08 Aug 2022, 11:20 pm

naturalplastic wrote:
shlaifu wrote:
techstepgenr8tion wrote:
I think what interests me on the topic is just how bizarre Nazism was compared to other instances of fascism. It seems like Italian had more in common with other western European and Latin American instantiations where Nazism added this strange kayfabe and as people have already stated - occult mysticism that almost seems to be a darker reworking of Theosophy. My concern in this area tends to be that if all people think of when they hear the word fascism is Nazi's they're less likely to see and adequately process the kinds of fascism that are most likely to revisit us in the future. Nazism IMHO seems pretty well locked in a given time and it seems unlikely that we're going to see anything quite like that again anytime soon.


Putin's Russia might prove you wrong, though. The alliance between the dictator and the russian orthodox church has the potential to go towards that occult direction. Or maybe it already is going that way.... Journalist Peter Pomerantsev gets offended by notions like "Russia is a mystery wrapped in an enigma", and says it'smore like everyone bought into a sado-masochist story of 'the Russian soul'... But I think the "Russisn-enigma"-idea can be abused if one were to want that.
With some 21st century post-ironic cynicism worked into it to become an integral part of the structure.
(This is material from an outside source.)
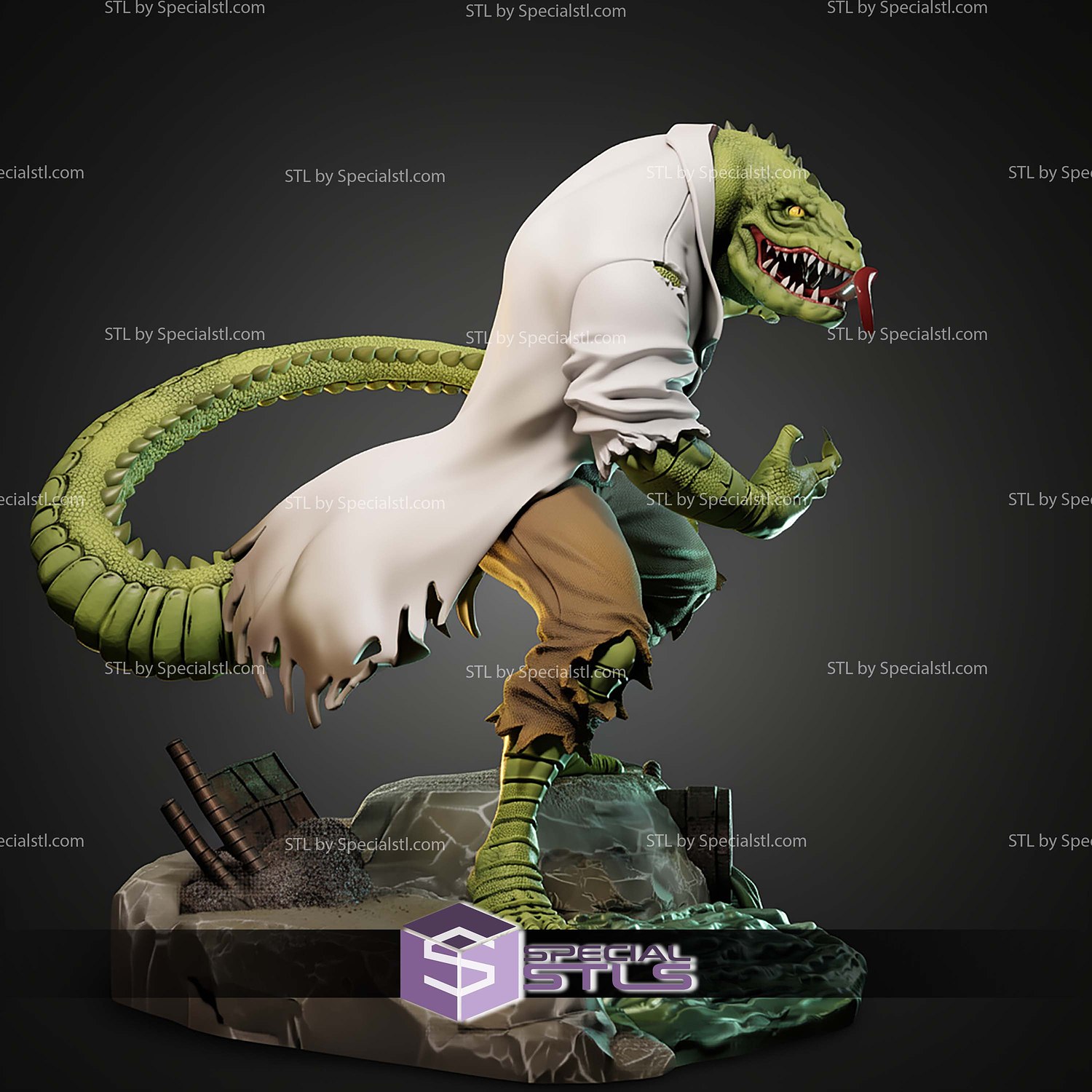 Lizard The Animated Series STL Files 3D Model — view 2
Also, to answer OPs question: Italian fascism was more like Pinochet's Chile - a way to ensure the communists wouldn't be able to effect much


The Eastern Orthodox church hates occultism just as much as does every other sect of both Christianity, and of Islam, and every other Abrahamic religion. So Putin's alliance with it has no potential to take Russia into that Himmler/occult direction, though it is a radical departure from the old Soviet stance against all religion. It makes his post Communist Nationalistic regime similar to that of Franco (who was a staunch ally of the Roman Catholic church in Spain to oppose Communism), and also to Mussolini who was also largely allied to the RC as well.

The alliance is an integral, and deliberate part of his nationalism, and attempted populism. Nothing woo-woo about it.


I both agree and disagree with aspects of both of the above.

On one hand Putin's strategies are still very close to the recommendations that Aleksandr Dugin would have (and historically has) made, it's part of why it's hard for me to watch him run around promoting a sort of radical pluralism on various podcasts while rather proudly being a big part of the production chain for Russia's current adventurism which apparently just starts in the Ukraine and only properly ends in taking back the proximate row of eastern block states.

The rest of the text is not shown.